Adult anxiety disorders are triggered by a variety of influences with almost half of the adult conditions subsequent to some type of psychiatric illness in youth and adolescence. In fact, the specific illnesses detected in youth are clues as to what kinds of anxiety disorders — there are several — the youth would have as adults.
The results underscore the importance of early diagnosis and prevention of anxiety disorders, and suggest that different anxiety disorders may have different roots.
The NIMH-funded study is published in the February issue of the Archives of General Psychiatry.
Anxiety disorders are among the most common psychiatric illnesses, with 28.81 percent of American adults diagnosed with one or more at some point in life. They include social and other phobias, posttraumatic stress disorder (PTSD), generalized anxiety disorder, panic disorder, and obsessive-compulsive disorder.
In this study, researchers examined the psychiatric histories, from ages 11 through 32, of 9,632 adults. Of the 232 adults with anxiety disorders, the most common childhood psychiatric illnesses — one-third of them — were anxiety disorders, followed by depression.

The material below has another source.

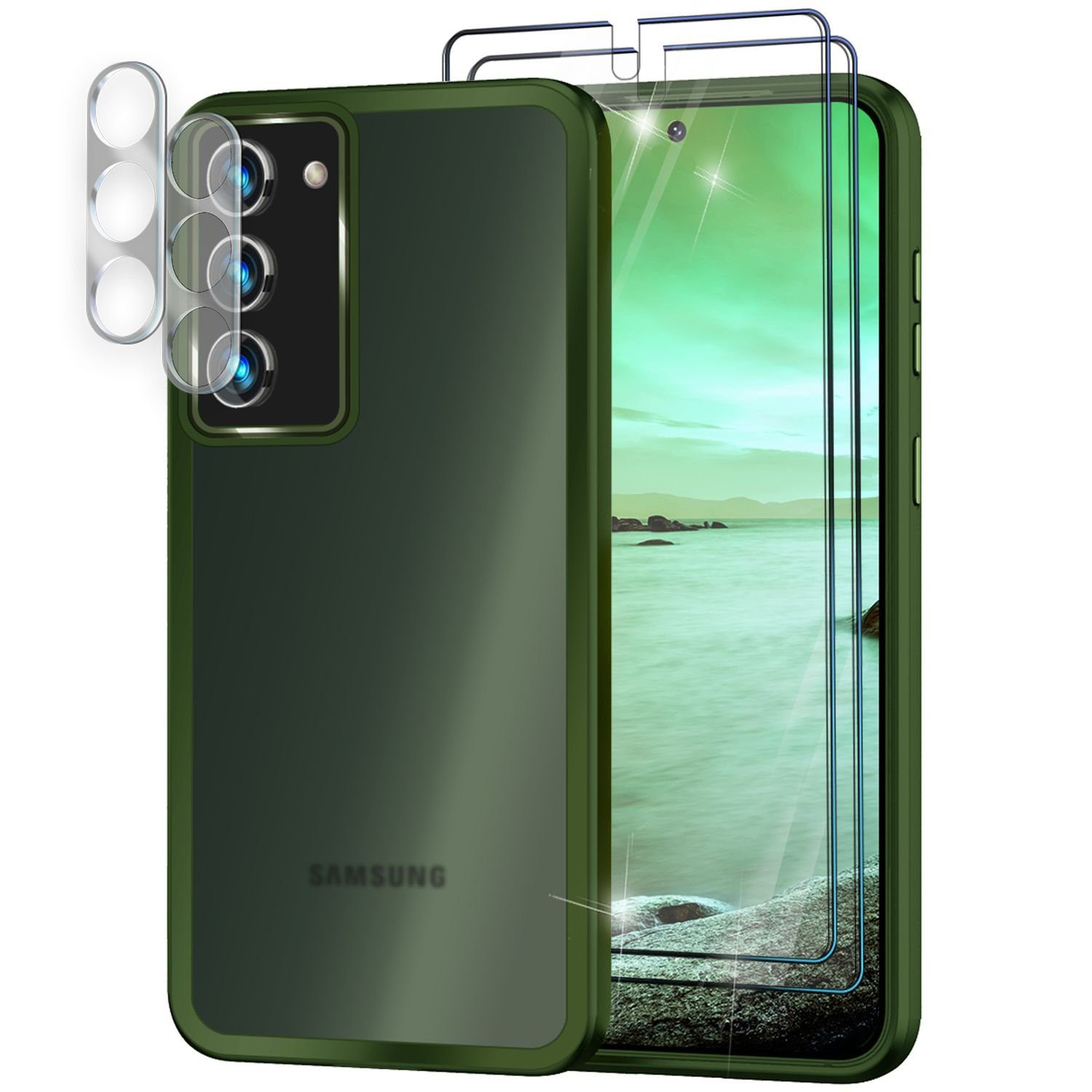 Nalia Smartphone-Hülle Samsung Galaxy S23 15,5 cm (6,1 Zoll), Hybrid Hülle Semi-Transparent Matt / 2x Display- & Kameraschutz / Case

The researchers also found links between some disorders diagnosed in adulthood and those diagnosed during youth. Adults with PTSD had histories of extreme defiance and conduct disorders in childhood. Adults with obsessive-compulsive disorders tended to have had delusional beliefs and hallucinations as children. Phobias in adulthood tended to be linked to specific phobias that occurred during childhood.
Considering psychiatric history when diagnosing adult anxiety disorders could benefit diagnosis, prevention, and treatment, the study’s authors write.